Ben Grenrock wanted Red Panda to perform at the Super Bowl.
This epoch is all weird and getting weirder; opportunities for simple, tangible, human experiences are tumbling into the uncanny valley faster than any of us can grab at them. But navigating the anti-depressant laced waters of our times with any semblance of our sanity intact requires a laser-like focus on those small, quotidian moments of humanity.
Relish the conversation in halting Spanish with your local taco vendor. Cherish the opportunity to take out your trash now, before the app that calls in a Bezos-drone to incinerate your rubbish on the spot is up for download and your two hands become irrelevant.
And so, we at P.O.W. are delighted to premiere, “Pantheon,” the first release from Best Picture—a duo comprised of Los Angeles-based producers John War and Cubbi—featuring underground hip-hop wyvern Chester Watson. On “Pantheon,” appreciation for the tactile and humanizing minutia in an average day is the central thread in the rich web of words and sounds woven from the artists’ collective efforts.
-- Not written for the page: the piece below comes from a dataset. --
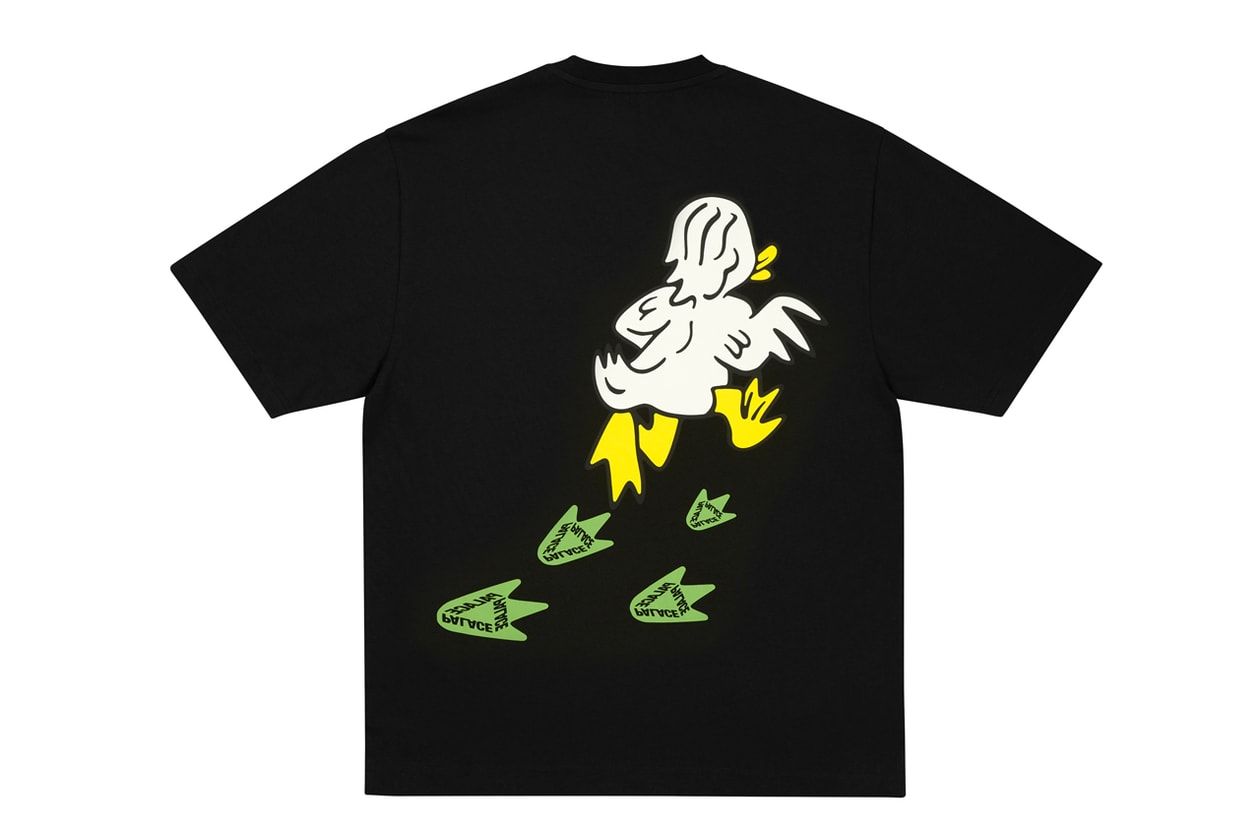 palace skateboards london summer 2025 collection every item photos info official release date info photos price store list buying guide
Best Picture deliver a polished and intricately orchestrated beat for their debut. From the first halting drum hits, the first intriguing flute notes, their production draws the listener ever deeper into a psychedelic world where the almost-familiar becomes fresh. The beat builds and builds as elements and effects are layered onto the bedrock of its central loop, its mutations themselves unfurling in a subtle crescendo. It’s a composition that sounds at once organic and dystopian, like some sort of Gaudí-designed high-rise built in a terraformed crater.
It’s the perfect, eerie, cyberpunk cityscape for Watson to bless with his inexorable flow. The rapper walks us through a typical day in this nebulous world of echo and bass; it begins when he wakes up and gets dressed, and ends when he mergers with an interstellar pantheon of celestial rappers—which, as any of his long time listeners will tell you, has been Watson’s daily routine for a few years now.
Just as Best Picture’s beat continues to build in complexity, as Chester leads us on a journey from pizza parlor to exoplanet, the complexity and weight of his rhymes increase. But constant within his performance on “Pantheon” is a focus on small moments of quotidian beauty. Getting a free beverage at the pizza spot, brainstorming his next song idea while he orders his food, gazing out at the city from eight stories up through a haze of burnt herbs—these are the simple moments that ground him.
The thematic unity between producer and rapper displayed on “Pantheon” bodes well for Best Picture’s next few releases. They’re slated to drop a series of collaborations in the coming months, and if those forthcoming songs are anything like this first effort, they aren’t to be slept on. “Pantheon” may not be able to save us from our techno-age, or from ourselves, but it is a reminder of the visceral sensations that just might.